I like funak's idea. Third take based on feedback:


Conquest v0.4


Opener: Bonus +33% vs. Barbarians, encampment notifications and culture for barbarian units killed and for each conquered city.

Collectivism: Free settler and -50% isolation unhappiness. (I would rather give Conquest players a head start in getting settlers than allow them to train settlers faster. Plus Feudalism is useless this early.)

Feudalism: Garrisons in occupied cities reduce that city's unhappiness from occupation by 30%, garrisoned puppeted cities gain +25% gold. Requires Collectivism.

Discipline: Units gain +15% combat strength when adjacent to a friendly unit.

Military Caste: Upgrade costs for military units -25%. A free ranged unit spawns with new settled cities. Requires Discipline.

Warrior Code: A Great General appears outside your capital. Population reduction from city capture is reduced to 25%. Requires Military Caste.

Finisher: Cities increase the culture cost of policies by 25% less than normal. Whenever you conquer a civilization's capital, start a Golden Age. Great Generals can be purchased with faith at the Industrial Era.​



Tirian I don't mind if some policies have mostly military aggressive effects versus peacetime only effects. If the flavor of the tree is "expansion", it doesn't need to have every policy give a peaceful and militant effect.
Exactly. This is supposed to be the active, expansive policy; tradition and "wisdom" are already supposed to be more passive oriented.
 
Two points:

Collectivism: The -50% isolation unhappiness function doesn't exist in the DLL – I can make it, but it might have better long-term utility if you make it -25% from Disorder (as Disorder scales with time, and isolation does not).

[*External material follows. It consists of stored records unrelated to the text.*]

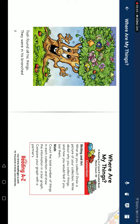Writing and art: What do you collect? Draw a picture of your collection. Write about why you collect things and how you would feel if you lost them. Math: Count the total number of things in each collection and show the information in a bar graph.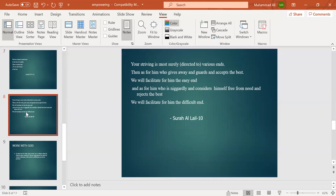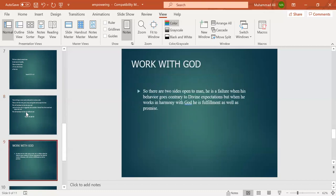We will facilitate for him the easy end. And as for him who is niggardly and considers himself free from need and rejects the best, we will facilitate for him the difficulty. So there are two sides open to man. He is a failure when his behavior goes contrary to divine expectations, but when he works in harmony with God, he is fulfillment as well as promise.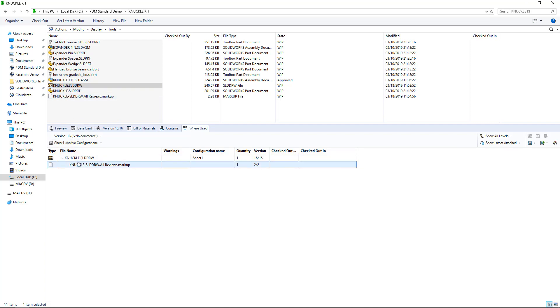And now, when I take a look at the Where Used tab for that particular drawing or part, I can see the SOLIDWORKS markup, or eDrawings markup rather, associated with that drawing.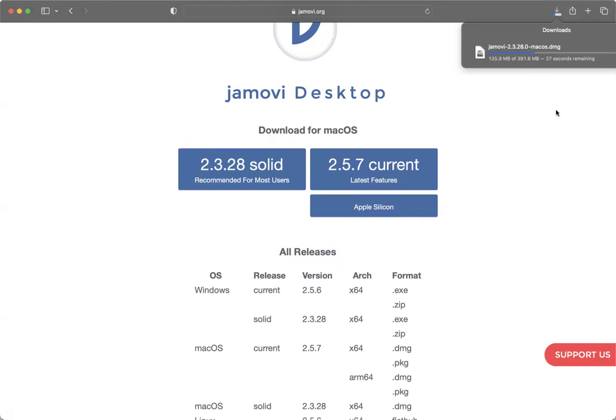Now, just as a heads up, typically when you're first getting started with Jamovi, one of the things that students struggle with is that you can't just double click on a Jamovi file that you have where you have data saved. You need to open Jamovi and then open your file.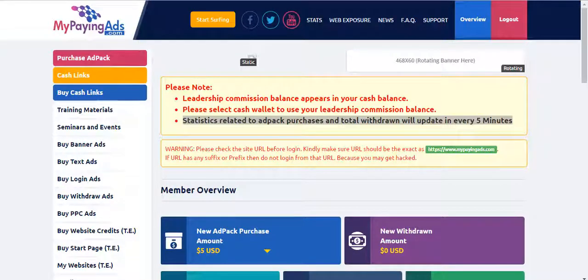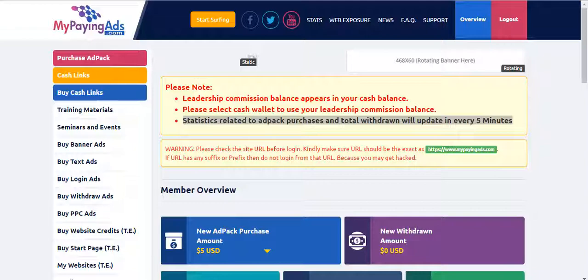Right now the MPA and MPCA are still continuing on their website. So I'm going to show a quick video about how to surf 10 ads.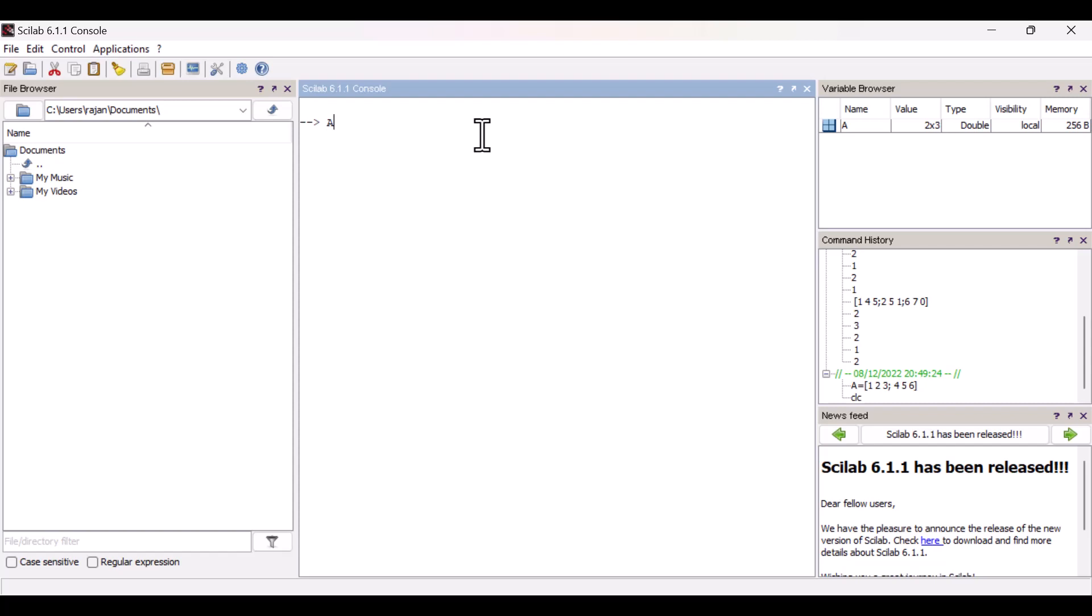Let's define a matrix equal to square bracket: one space two space three. I have entered the first row. Semicolon four five six. This is the second row. Semicolon seven eight nine. As you can see, I have entered a square matrix.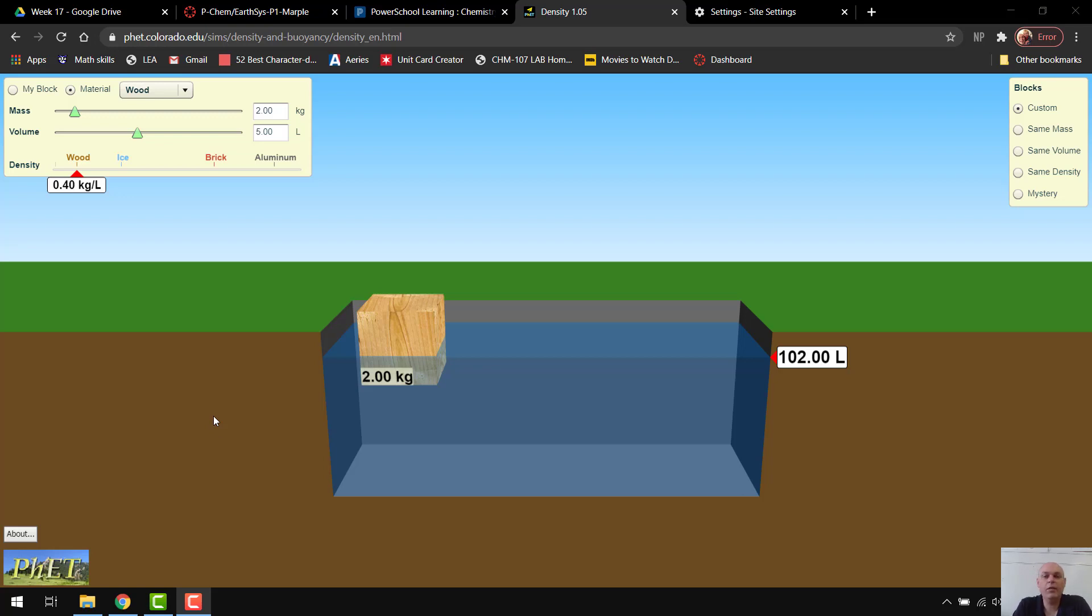Good morning. Today we're looking at density, and we're using the PhET simulations to explore density a little bit.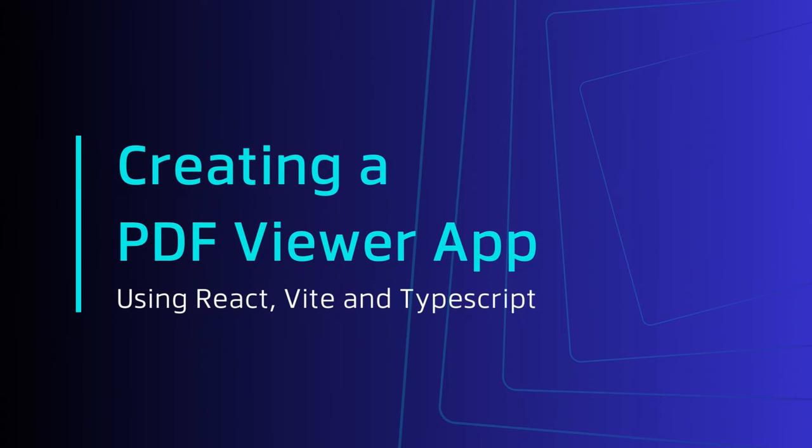In this demo, we're going to look at creating a React app using Vite and TypeScript. So let's dive straight in.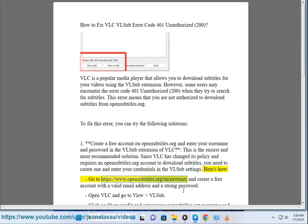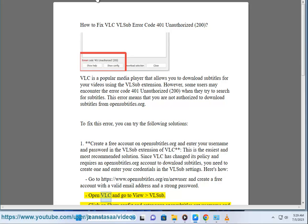Go to https://www.opensubtitles.org and create a free account with a valid email address and a strong password. Open VLC and go to View.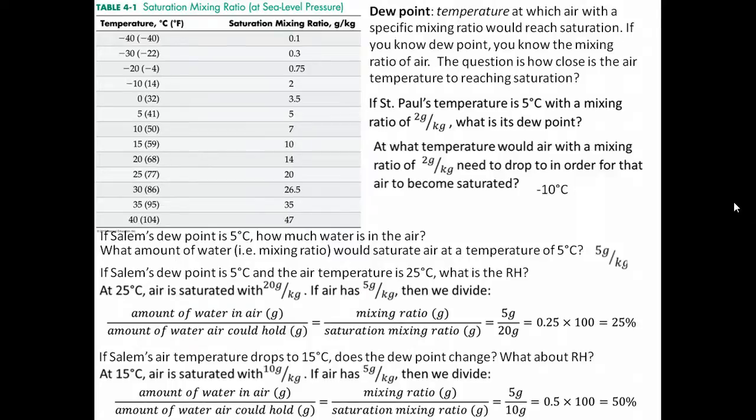Conversely, if the air temperature rises, the air's capacity to hold water increases and the relative humidity drops. And dew point, to finish the point, is telling us what the actual amount of water is in the air — the mixing ratio.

There's a policy function to reduce Global Averages for Puppets – that might be a nice finisher (-25% to Global Averages in Puppets, etc.).
G
 
What is disorder again?

I think the isolation -50% provides sinergy with the settling theme. And anyway wouldn't it serve other modders if you added the function to the CP?
 
Disorder is related to city strength and garrison power, which also works thematically (Honor settlers don't need no man).

I think the isolation -50% provides sinergy with the settling theme. And anyway wouldn't it serve other modders if you added the function to the CP?

The problem is that the isolation function is built around a boolean test (connected or not connected). Reducing the amount of unhappiness caused by Isolation can't really be done via a % reduction without re-writing how the function works. That's why I don't have a policy mod for isolation, famine or pillaged tiles, as they don't calculate like the others.

G
 
Opener: +2 food in the capital. Capital Growth increased by 4% for each tradition policy taken. (my math was wrong before, there are only 6 policies not 7, so I adjusted the percentage slightly).
You still haven't answered my question about having it as 2-3%(x5 for policies) food instead of growth.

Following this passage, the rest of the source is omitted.